As is the case with prior startup experience, some industry specific experience adds a lot of utility while more is not necessarily better.
#3 Multiple founders – Three founders perform better than four
Now it becomes even more interesting, the shape of this graph is very insightful. Three founders is the most optimal founding team size (utility of 91.9), while 8 or more founders is a “recipe for disaster” (utility of 7.8). From a single founder startup (utility of 43.2) to a two founder startup (utility of 78.8) is the biggest possible improvement while from three founders (utility of 91.9) to four founders (utility of 59.8) is the biggest possible decline. In the end the utility function seems to flatten out.
It is very clear that three founders is the most optimal startup size.

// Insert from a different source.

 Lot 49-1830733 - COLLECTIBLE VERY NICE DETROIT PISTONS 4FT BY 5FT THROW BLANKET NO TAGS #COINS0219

With 95% certainty it can be said that three founders perform better than four founders. So better think twice when adding a founder after the third to the team.
#8 Level of education – A doctoral degree is not necessarily best
Founders with a master’s degree perform best (utility of 94.8). But, the biggest improvement is from an associate’s degree (utility of 41.7) to a bachelor’s degree (utility of 84.9). Striking is that a doctoral degree (utility of 63.1) scores significantly worse than a master’s degree. Experts might think that “Entrepreneurs with a doctoral degree are too analytic”, that “they are not leaving their basements/labs” and that “they think that their product is never good enough to enter the market”.
Concluding remarks
Although the answers of the experts were remarkably consistent, to be fair we should emphasize that the sample size of nine experts is relatively small. The results that we presented are probably not something revolutionary new but more something that confirms what you already knew. The next step is to proof whether these characteristics will actually lead to startup success. In order to do this you need to create an extensive dataset in which you follow startups for years. We did not do this, but we do think that the methodology used in this article leads to a great indication.
So what should startups and investors do with the information just provided? Well, as a startup you can study the criteria and the performance levels and you can immediately see how you can improve your team. If your startup consists of one founder, you might want to look for one or two extra founders. If your startup lacks experience you might want to add some experience to the founding team. As an investor you can grade every proposal with the information we just provided as a baseline. You could also develop your own quantitative approach with some similar methodology.